Important attributes are 'type' => OPERATORTYPE (use constants as
exported by Math::Symbolic::ExportConstants!) and 'operands=>[op1,op2,...]'.
Where the operands themselves may either be valid Math::Symbolic::* objects
or strings that will be parsed as such.
Special case: if no hash reference was found, first
argument is assumed to be the operator's symbol and the operator
is assumed to be binary. The following 2 arguments will be treated as
operands. This special case will ignore attempts to clone objects but if
the operands are no valid Math::Symbolic::* objects, they will be sent
through a Math::Symbolic::Parser to construct Math::Symbolic trees.

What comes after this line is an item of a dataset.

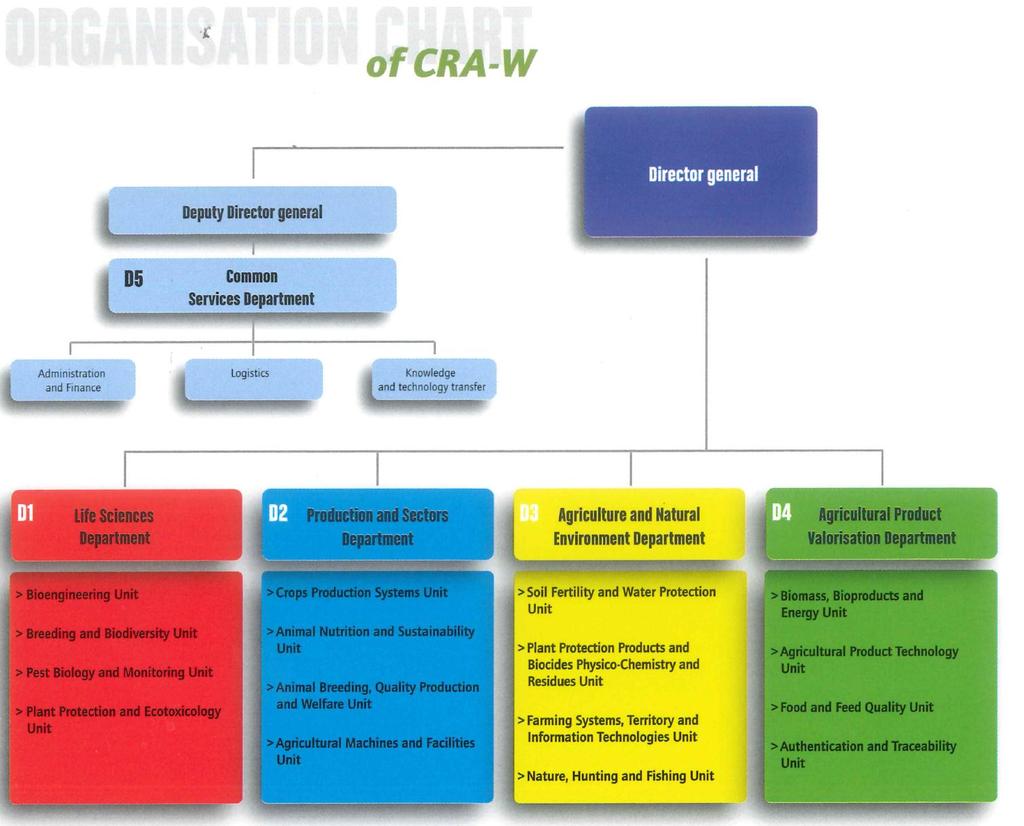 CRA-W : Breeding and biodiversity Unit Farming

Returns a Math::Symbolic::Operator.
Supported operator symbols: (number of operands and their
function in parens)
+ => sum (2)
- => difference (2)
* => product (2)
/ => division (2)
log => logarithm (2: base, function)
^ => exponentiation (2: base, exponent)
neg => unary minus (1)
partial_derivative => partial derivative (2: function, var)
total_derivative => total derivative (2: function, var)
sin => sine (1)
cos => cosine (1)
tan => tangent (1)
cot => cotangent (1)
asin => arc sine (1)
acos => arc cosine (1)
atan => arc tangent (1)
atan2 => arc tangent of y/x (2: y, x)
acot => arc cotangent (1)
sinh => hyperbolic sine (1)
cosh => hyperbolic cosine (1)
asinh => hyperbolic area sine (1)
acosh => hyperbolic area cosine (1)
=cut
sub new {
my $proto = shift;
my $class = ref($proto) || $proto;
if ( @_ and not( ref( $_[0] ) eq 'HASH' ) ) {
my $symbol = shift;
my $type = $Op_Symbols{$symbol};
croak "Invalid operator type specified ($symbol)."
unless defined $type;
my $operands = [ @_[ 0 .. $Op_Types[$type]{arity} - 1 ] ];
croak "Undefined operands not supported by "

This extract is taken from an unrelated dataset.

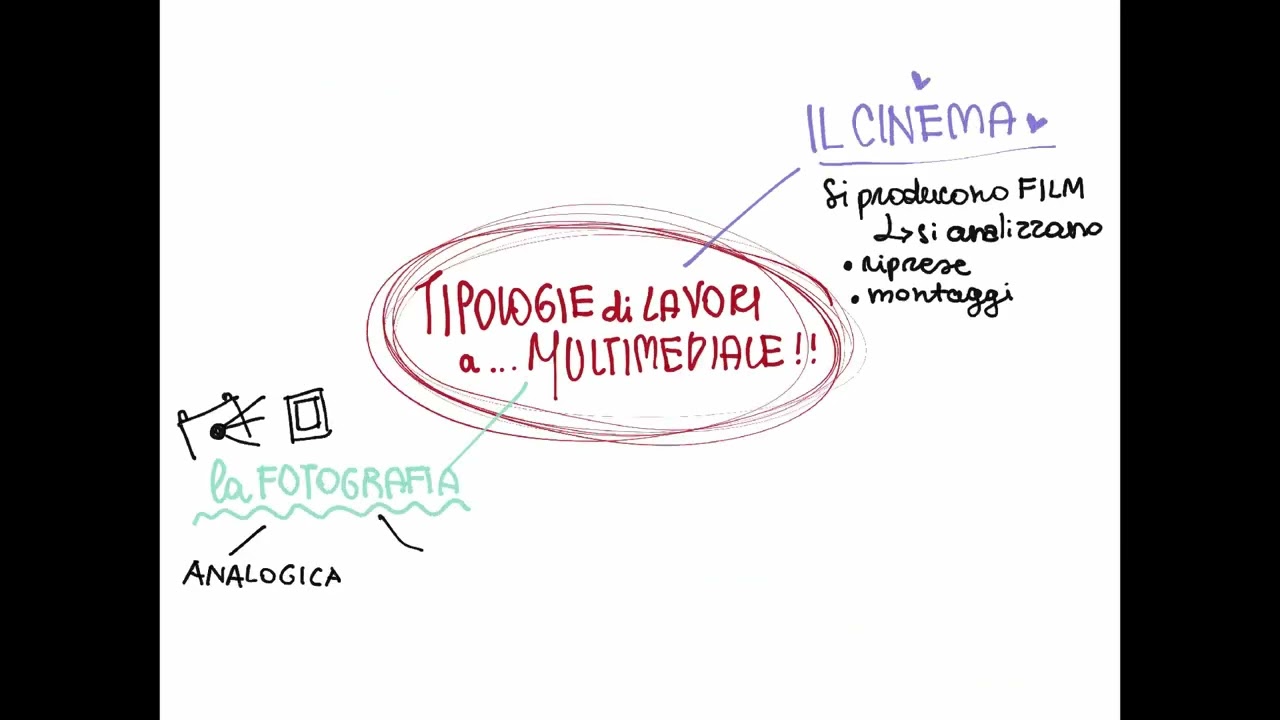 Dipartimento Audiovisivo e Multimediale - presentazione animata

. "Math::Symbolic::Operator objects."
if grep +( not defined($_) ), @$operands;
@$operands =
map {
ref($_) =~ /^Math::Symbolic/
? $_
: Math::Symbolic::parse_from_string($_)
} @$operands;
return bless {
type => $type,
operands => $operands,
} => $class;
}
my %args;
%args = %{ $_[0] } if @_;
# and ref( $_[0] ) eq 'HASH';
# above condition isn't necessary since that'd otherwise have been
# the above branch.
my $operands = [];
if ( ref $proto ) {
foreach ( @{ $proto->{operands} } ) {
push @$operands, $_->new();
}
}
my $self = {
type => undef,
( ref($proto) ? %$proto : () ),
operands => $operands,
%args,
};
@{ $self->{operands} } =
map {
ref($_) =~ /^Math::Symbolic/
? $_
: Math::Symbolic::parse_from_string($_)
} @{ $self->{operands} };
bless $self => $class;
}
=head2 Method arity
Returns the operator's arity as an integer.
=cut
sub arity {
my $self = shift;
return $Op_Types[ $self->{type} ]{arity};
}
=head2 Method type
Optional integer argument that sets the operator's type.

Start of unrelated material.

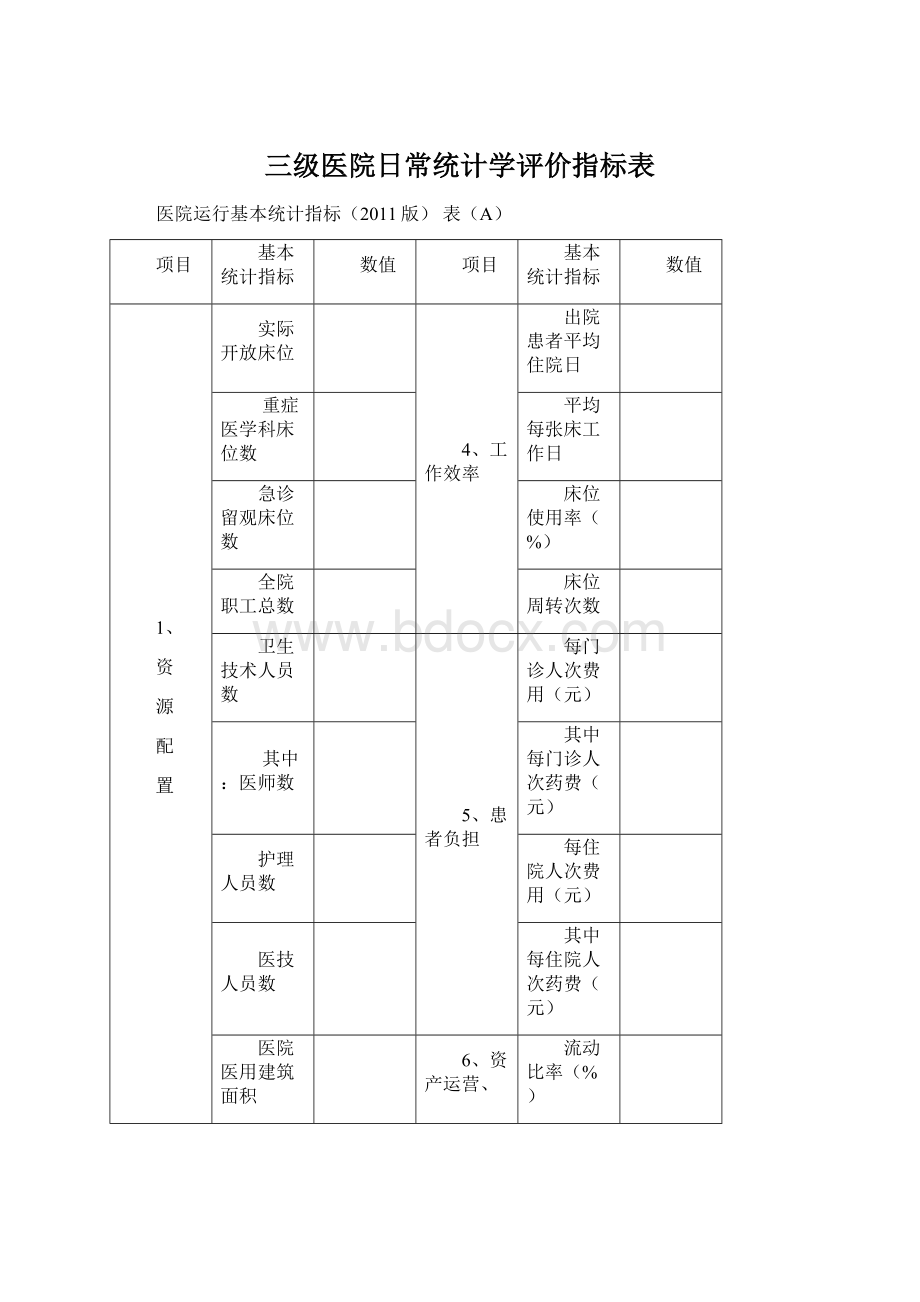 三级医院日常统计学评价指标表.docx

Returns the operator's type as an integer.
=cut
sub type {
my $self = shift;
$self->{type} = shift if @_;
return $self->{type};
}
=head2 Method to_string
Returns a string representation of the operator and its operands.
Optional argument: 'prefix' or 'infix'. Defaults to 'infix'.
=cut
sub to_string {
my $self = shift;
my $string_type = shift;
$string_type = 'infix'
unless defined $string_type
and $string_type eq 'prefix';
no warnings 'recursion';
my $string = '';
if ( $string_type eq 'prefix' ) {
$string .= $self->_to_string_prefix();
}
else {
$string .= $self->_to_string_infix();
}
return $string;
}
sub _to_string_infix {
my $self = shift;
my $op = $Op_Types[ $self->{type} ];
my $op_str = $op->{infix_string};
my $string;
if ( $op->{arity} == 2 ) {
my $op1 = $self->{operands}[0]->term_type() == T_OPERATOR;
my $op2 = $self->{operands}[1]->term_type() == T_OPERATOR;
if ( not defined $op_str ) {
$op_str = $op->{prefix_string};
$string = "$op_str(";
$string .= join( ', ',
map { $_->to_string('infix') } @{ $self->{operands} } );
$string .= ')';
}
else {
$string =
( $op1 ? '(' : '' )
. $self->{operands}[0]->to_string('infix')
. ( $op1 ? ')' : '' )
. " $op_str "
. ( $op2 ? '(' : '' )
. $self->{operands}[1]->to_string('infix')
. ( $op2 ? ')' : '' );
}
}
elsif ( $op->{arity} == 1 ) {
my $is_op1 = $self->{operands}[0]->term_type() == T_OPERATOR;
if ( not defined $op_str ) {
$op_str = $op->{prefix_string};
$string =
"$op_str(" . $self->{operands}[0]->to_string('infix') . ")";
}
else {
$string = "$op_str"
. ( $is_op1 ? '(' : '' )
. $self->{operands}[0]->to_string('infix')
. ( $is_op1 ? ')' : '' );
}
}
else {
$string = $self->_to_string_prefix();
}
return $string;
}
sub _to_string_prefix {
my $self = shift;
my $op = $Op_Types[ $self->{type} ];
my $op_str = $op->{prefix_string};
my $string = "$op_str(";
$string .=
join( ', ', map { $_->to_string('prefix') } @{ $self->{operands} } );
$string .= ')';
return $string;
}
=head2 Method term_type
Returns the type of the term. ( T_OPERATOR )
=cut
sub term_type {T_OPERATOR}
=head2 Method simplify
Term simpilification.
First argument: Boolean indicating that the tree does not
need to be cloned, but can be restructured instead.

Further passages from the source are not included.